[Data extracted from a collection]
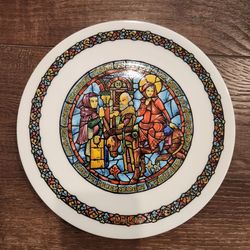 NOEL VITRAIL "NO ROOM AT THE INN" 8 1/2" PLATE W/COA D'ARCEAU-LIMOGES 1977, perfect condition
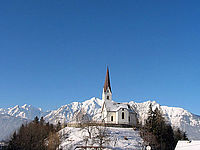 Kirche St. Peter am Weerberg im Winter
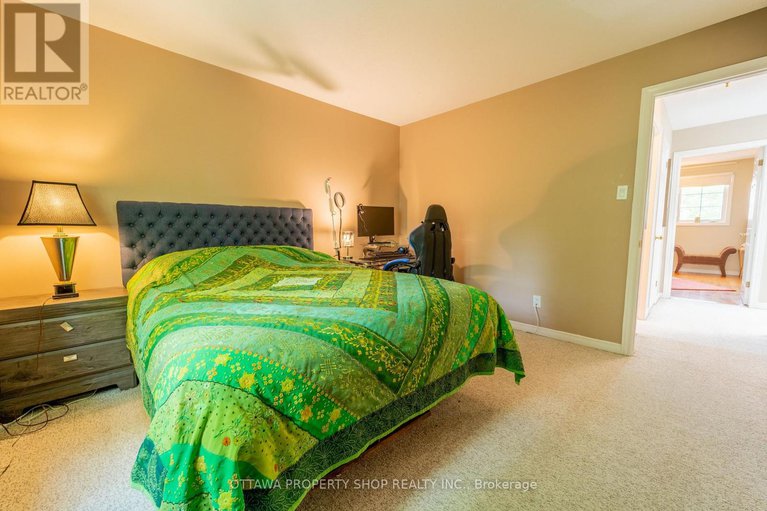28429385/566-falwyn-crescent-w/fallingbrookridgemount/ottawa/ontario/K4A2A4_33
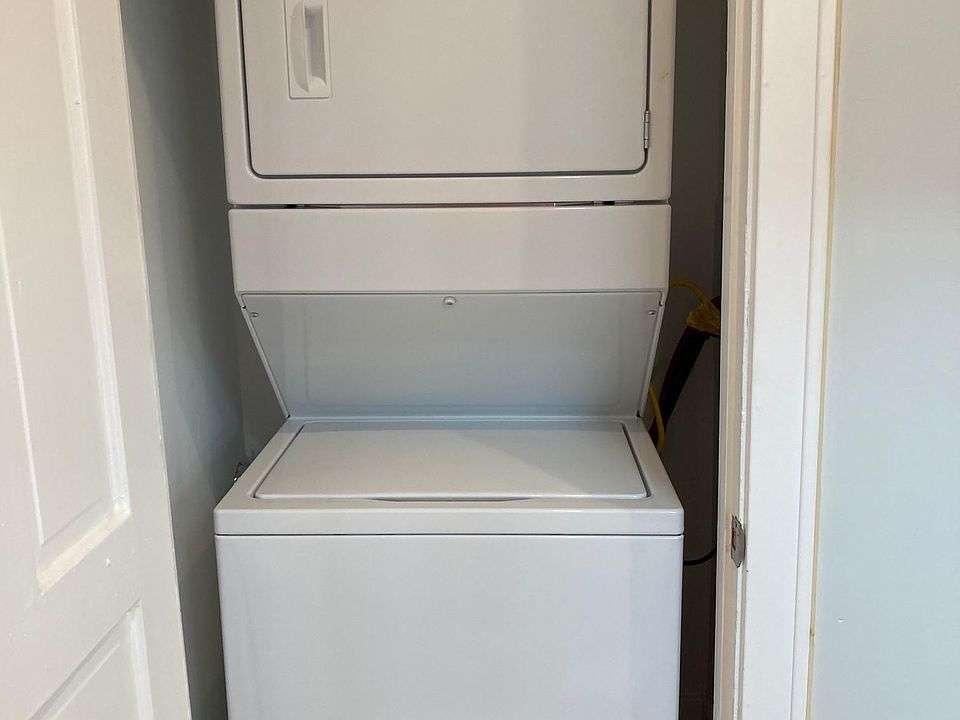 IN UNIT WASHER DRYER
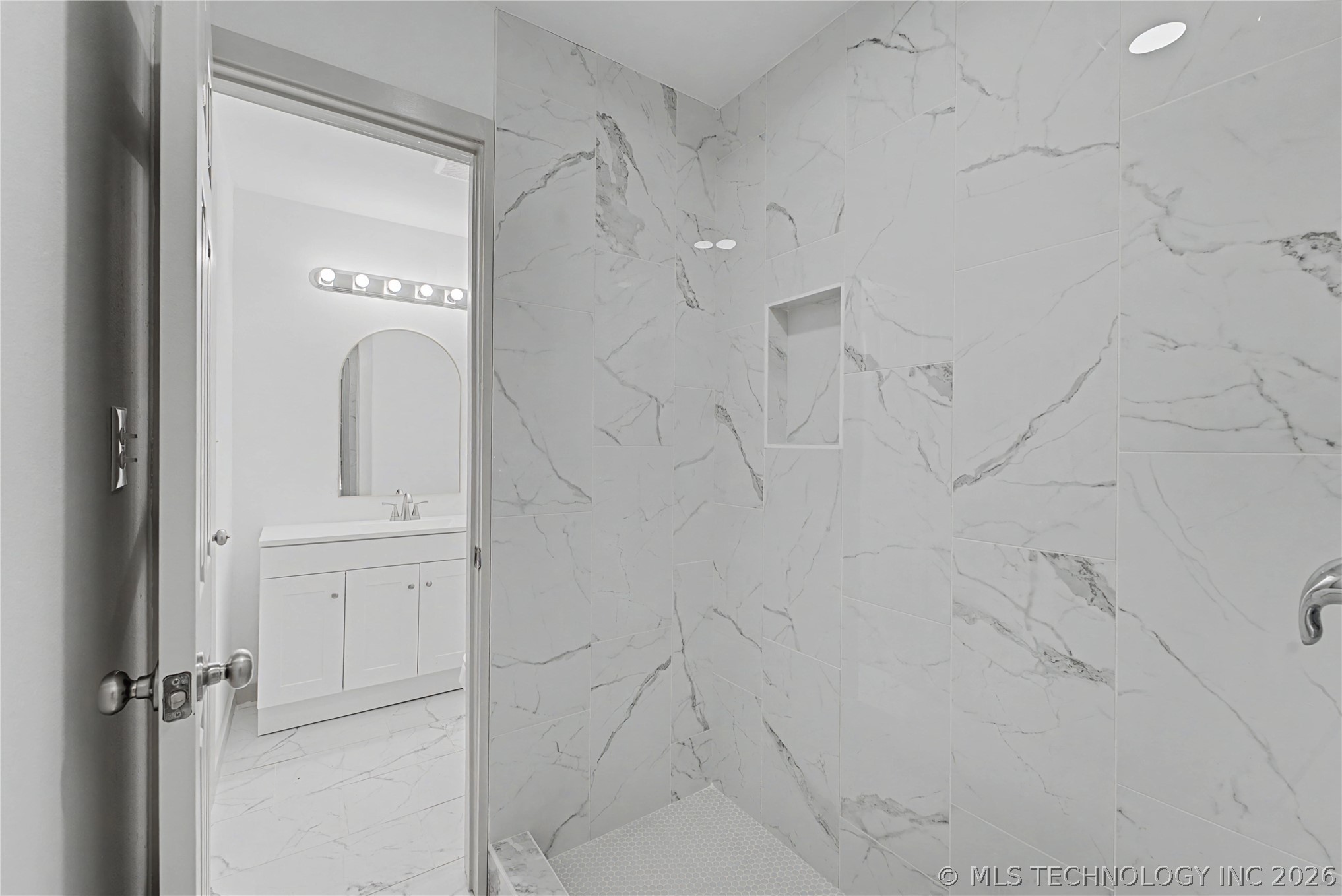 11204 S 153rd West Avenue Property Photo 15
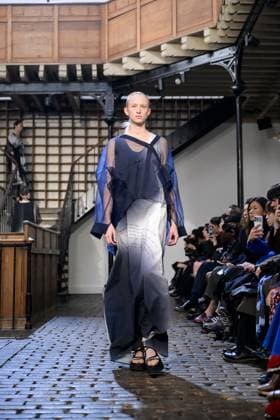 PFW - DE MOO Runway A model walks the runway during the DE MOO Womenswear Spring Summer 2026 show as part of Paris Fashion Week on October 1, 2025 in Paris, France. Photo by Jana Call me J ABACAPRESS.COM Paris Ile de France France  Copyright: xJanaxCallxmexJ ABACAx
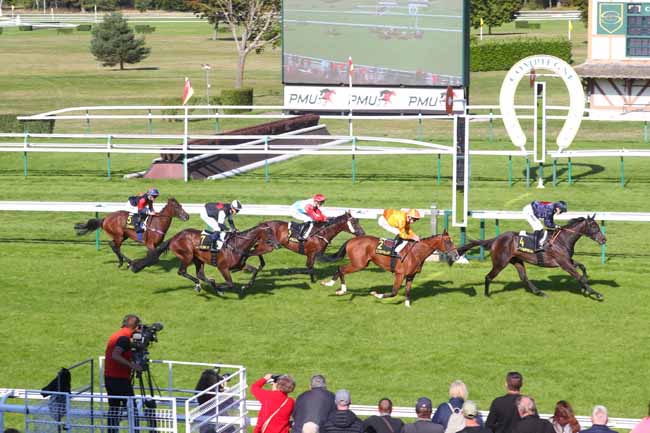 Photo d'arrivée de la course pmu PRIX DES VINEUX à COMPIEGNE le Mardi 17 septembre 2024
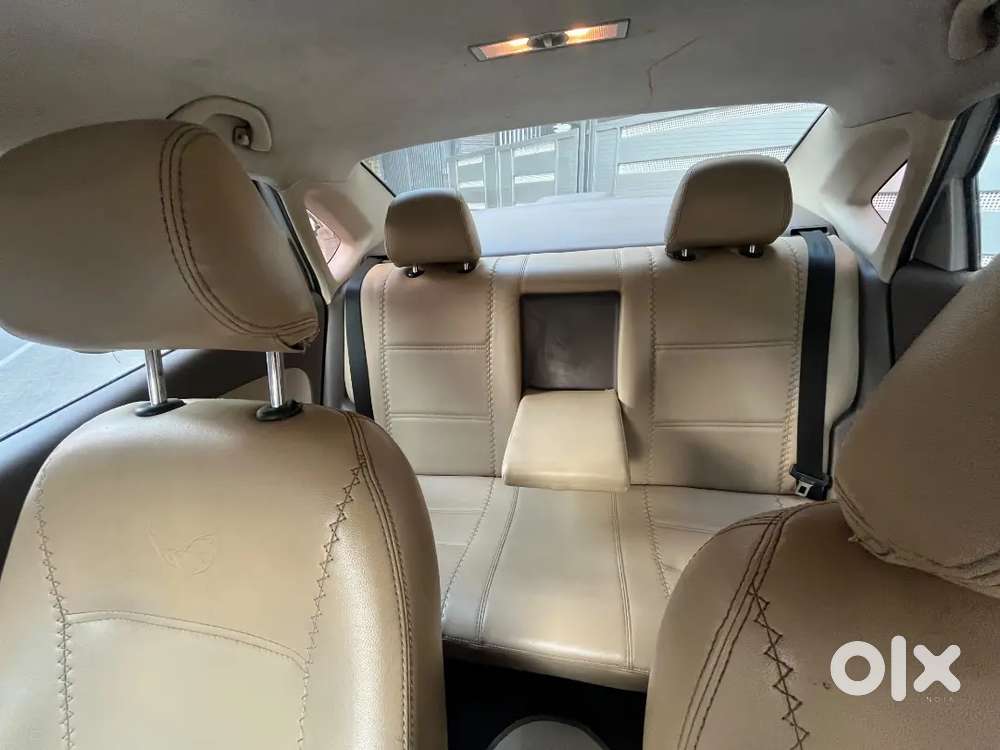 Skoda Rapid Elegance 2012 Topend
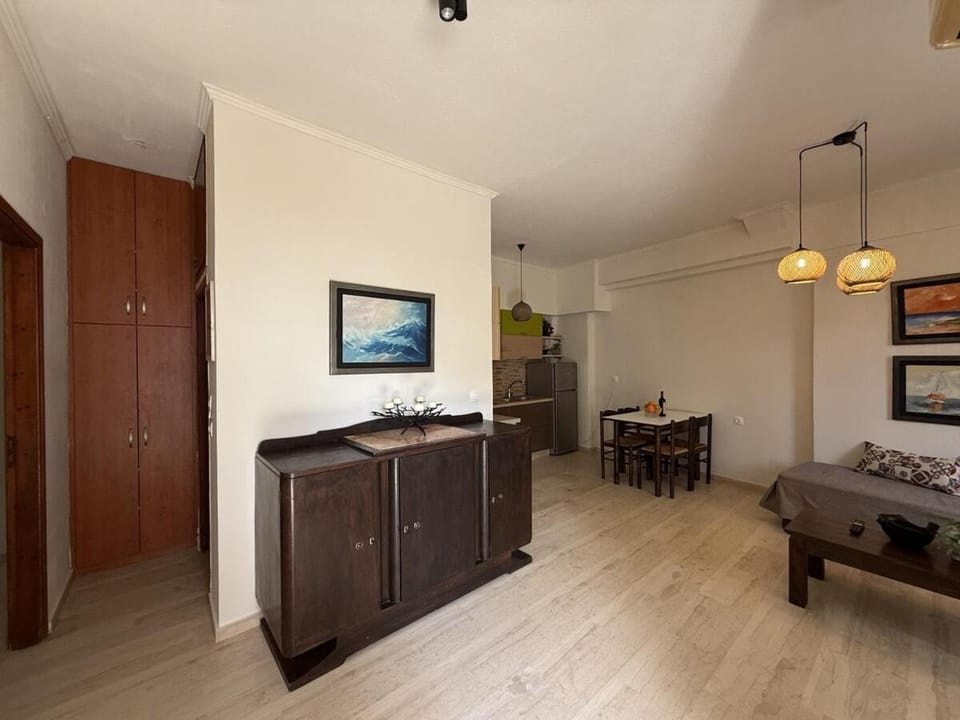 TV and multimedia, Kitchen or kitchenette, Dining area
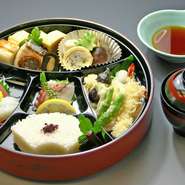 季節の味覚を盛り込んだ、下鴨福助ならではのお弁当です。ご予約の際はお電話でお問い合わせください。
※お座敷（個室）ではご利用いただけません。
※仕出し 3,240円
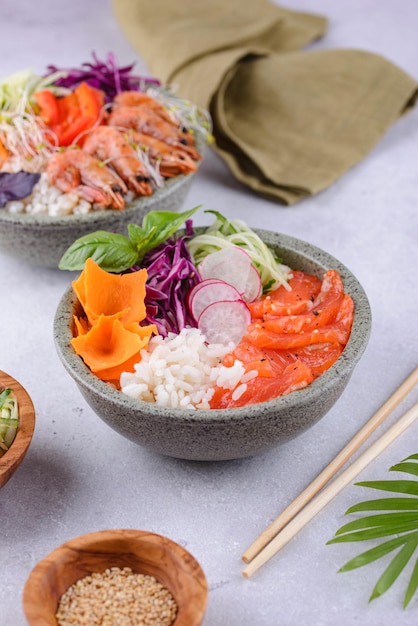 Poke bowl hawaiano con salmone e gamberetti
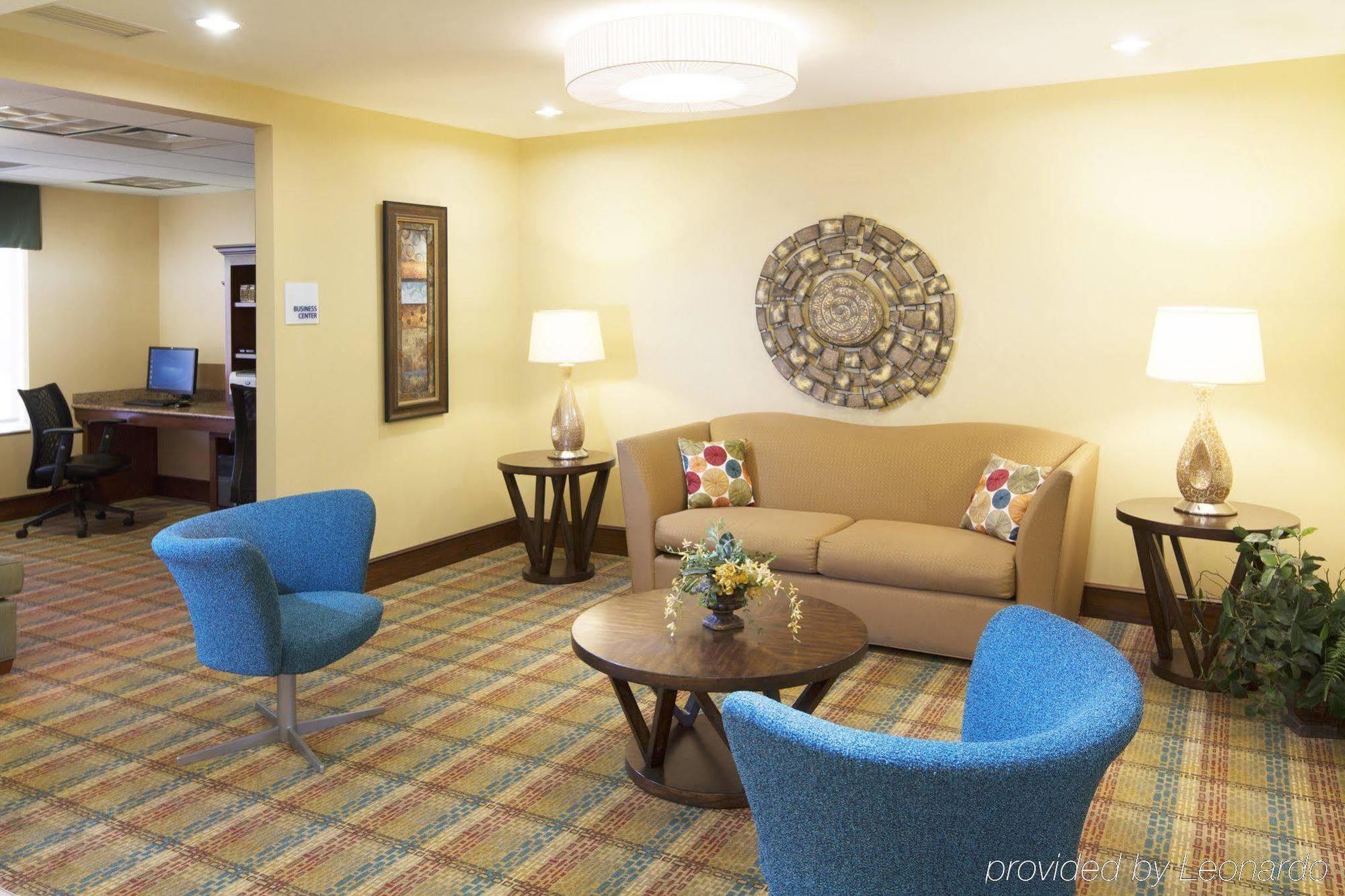 Holiday Inn Express Hotel & Suites Greensboro - Airport Area By Ihg Extérieur photo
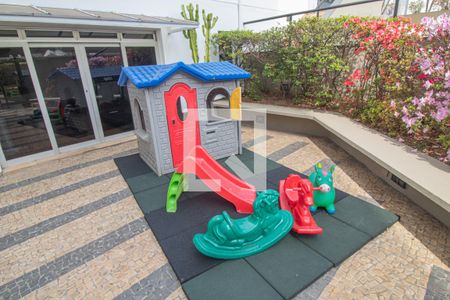 Apartamento à venda com 250m², 4 quartos e 4 vagas Apartamento à venda com 250m², 4 quartos e 4 vagasÁrea comum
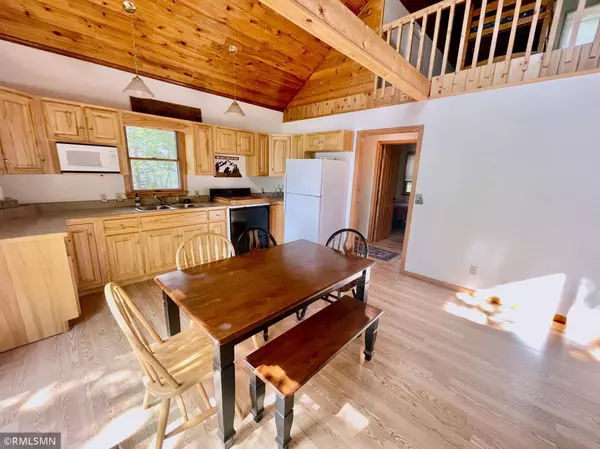 2145 Big Deep Lake DR NW, Hackensack, MN 56452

Prompt: Please output exactly the lines from the line containing "Skoda Rapid Elegance 2012 Topend" through the last line of the records above, both included, and leave out any pictures.

Your solution:
 Skoda Rapid Elegance 2012 Topend
 TV and multimedia, Kitchen or kitchenette, Dining area
 季節の味覚を盛り込んだ、下鴨福助ならではのお弁当です。ご予約の際はお電話でお問い合わせください。
※お座敷（個室）ではご利用いただけません。
※仕出し 3,240円
 Poke bowl hawaiano con salmone e gamberetti
 Holiday Inn Express Hotel & Suites Greensboro - Airport Area By Ihg Extérieur photo
 Apartamento à venda com 250m², 4 quartos e 4 vagas Apartamento à venda com 250m², 4 quartos e 4 vagasÁrea comum
 2145 Big Deep Lake DR NW, Hackensack, MN 56452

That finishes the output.